Werk uit m.b.v. de rekenregels
- \(\dfrac{q^{1}}{q^{\frac{-3}{5}}}\)
- \(\dfrac{y^{\frac{-1}{4}}}{y^{\frac{-3}{4}}}\)
- \(\dfrac{q^{\frac{-1}{2}}}{q^{\frac{5}{6}}}\)
- \(\dfrac{x^{\frac{-1}{4}}}{x^{\frac{-5}{4}}}\)
- \(\dfrac{q^{\frac{1}{2}}}{q^{\frac{1}{2}}}\)
- \(\dfrac{q^{\frac{-4}{3}}}{q^{\frac{1}{2}}}\)
- \(\dfrac{x^{\frac{4}{3}}}{x^{\frac{-3}{2}}}\)
- \(\dfrac{y^{2}}{y^{\frac{-1}{3}}}\)
- \(\dfrac{q^{\frac{3}{4}}}{q^{\frac{-5}{6}}}\)
- \(\dfrac{a^{\frac{2}{3}}}{a^{\frac{4}{3}}}\)
- \(\dfrac{y^{\frac{1}{3}}}{y^{\frac{5}{6}}}\)
- \(\dfrac{y^{\frac{4}{3}}}{y^{\frac{5}{6}}}\)
Werk uit m.b.v. de rekenregels
Verbetersleutel
- \(\dfrac{q^{1}}{q^{\frac{-3}{5}}}\\= q^{ 1 - (\frac{-3}{5}) }= q^{\frac{8}{5}}\\=\sqrt[5]{ q^{8} }=q.\sqrt[5]{ q^{3} }\\---------------\)
- \(\dfrac{y^{\frac{-1}{4}}}{y^{\frac{-3}{4}}}\\= y^{ \frac{-1}{4} - (\frac{-3}{4}) }= y^{\frac{1}{2}}\\= \sqrt{ y } \\---------------\)

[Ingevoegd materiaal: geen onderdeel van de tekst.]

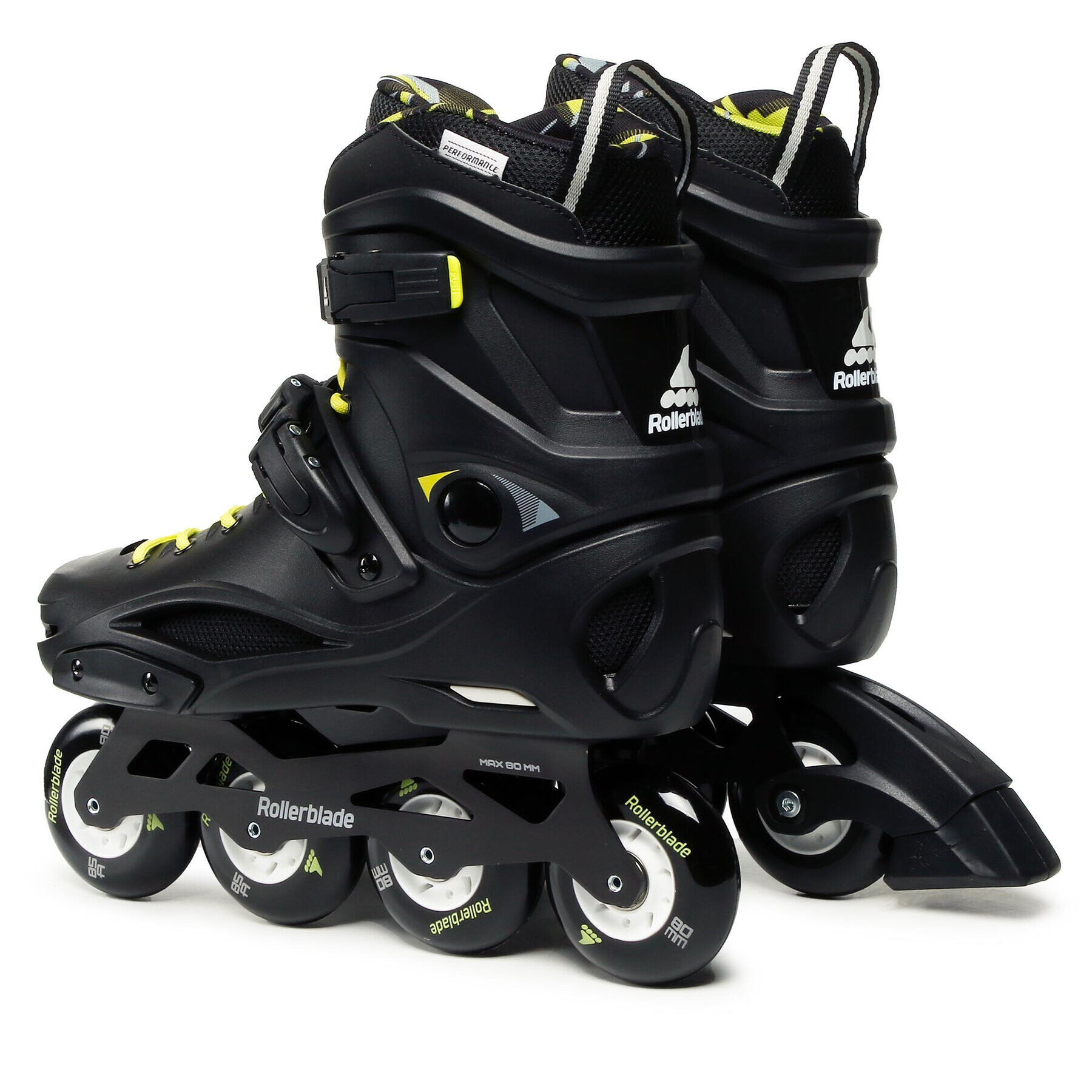 Rollerblade Role Rb Cruiser 07101500 Negru - Pled.ro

- \(\dfrac{q^{\frac{-1}{2}}}{q^{\frac{5}{6}}}\\= q^{ \frac{-1}{2} - \frac{5}{6} }= q^{\frac{-4}{3}}\\=\frac{1}{\sqrt[3]{ q^{4} }}\\=\frac{1}{q.\sqrt[3]{ q }}=\frac{1}{q.\sqrt[3]{ q }}
\color{purple}{\frac{\sqrt[3]{ q^{2} }}{\sqrt[3]{ q^{2} }}} \\=\frac{\sqrt[3]{ q^{2} }}{q^{2}}\\---------------\)
- \(\dfrac{x^{\frac{-1}{4}}}{x^{\frac{-5}{4}}}\\= x^{ \frac{-1}{4} - (\frac{-5}{4}) }= x^{1}\\\\---------------\)
- \(\dfrac{q^{\frac{1}{2}}}{q^{\frac{1}{2}}}\\= q^{ \frac{1}{2} - \frac{1}{2} }= q^{0}\\=1\\---------------\)
- \(\dfrac{q^{\frac{-4}{3}}}{q^{\frac{1}{2}}}\\= q^{ \frac{-4}{3} - \frac{1}{2} }= q^{\frac{-11}{6}}\\=\frac{1}{\sqrt[6]{ q^{11} }}\\=\frac{1}{|q|.\sqrt[6]{ q^{5} }}=\frac{1}{|q|.\sqrt[6]{ q^{5} }}
\color{purple}{\frac{\sqrt[6]{ q }}{\sqrt[6]{ q }}} \\=\frac{\sqrt[6]{ q }}{|q^{2}|}\\---------------\)
- \(\dfrac{x^{\frac{4}{3}}}{x^{\frac{-3}{2}}}\\= x^{ \frac{4}{3} - (\frac{-3}{2}) }= x^{\frac{17}{6}}\\=\sqrt[6]{ x^{17} }=|x^{2}|.\sqrt[6]{ x^{5} }\\---------------\)
- \(\dfrac{y^{2}}{y^{\frac{-1}{3}}}\\= y^{ 2 - (\frac{-1}{3}) }= y^{\frac{7}{3}}\\=\sqrt[3]{ y^{7} }=y^{2}.\sqrt[3]{ y }\\---------------\)
- \(\dfrac{q^{\frac{3}{4}}}{q^{\frac{-5}{6}}}\\= q^{ \frac{3}{4} - (\frac{-5}{6}) }= q^{\frac{19}{12}}\\=\sqrt[12]{ q^{19} }=|q|.\sqrt[12]{ q^{7} }\\---------------\)
- \(\dfrac{a^{\frac{2}{3}}}{a^{\frac{4}{3}}}\\= a^{ \frac{2}{3} - \frac{4}{3} }= a^{\frac{-2}{3}}\\=\frac{1}{\sqrt[3]{ a^{2} }}=\frac{1}{\sqrt[3]{ a^{2} }}.
\color{purple}{\frac{\sqrt[3]{ a }}{\sqrt[3]{ a }}} \\=\frac{\sqrt[3]{ a }}{a}\\---------------\)
- \(\dfrac{y^{\frac{1}{3}}}{y^{\frac{5}{6}}}\\= y^{ \frac{1}{3} - \frac{5}{6} }= y^{\frac{-1}{2}}\\=\frac{1}{ \sqrt{ y } }=\frac{1}{ \sqrt{ y } }.
\color{purple}{\frac{ \sqrt{ y } }{ \sqrt{ y } }} \\=\frac{ \sqrt{ y } }{|y|}\\---------------\)
- \(\dfrac{y^{\frac{4}{3}}}{y^{\frac{5}{6}}}\\= y^{ \frac{4}{3} - \frac{5}{6} }= y^{\frac{1}{2}}\\= \sqrt{ y } \\---------------\)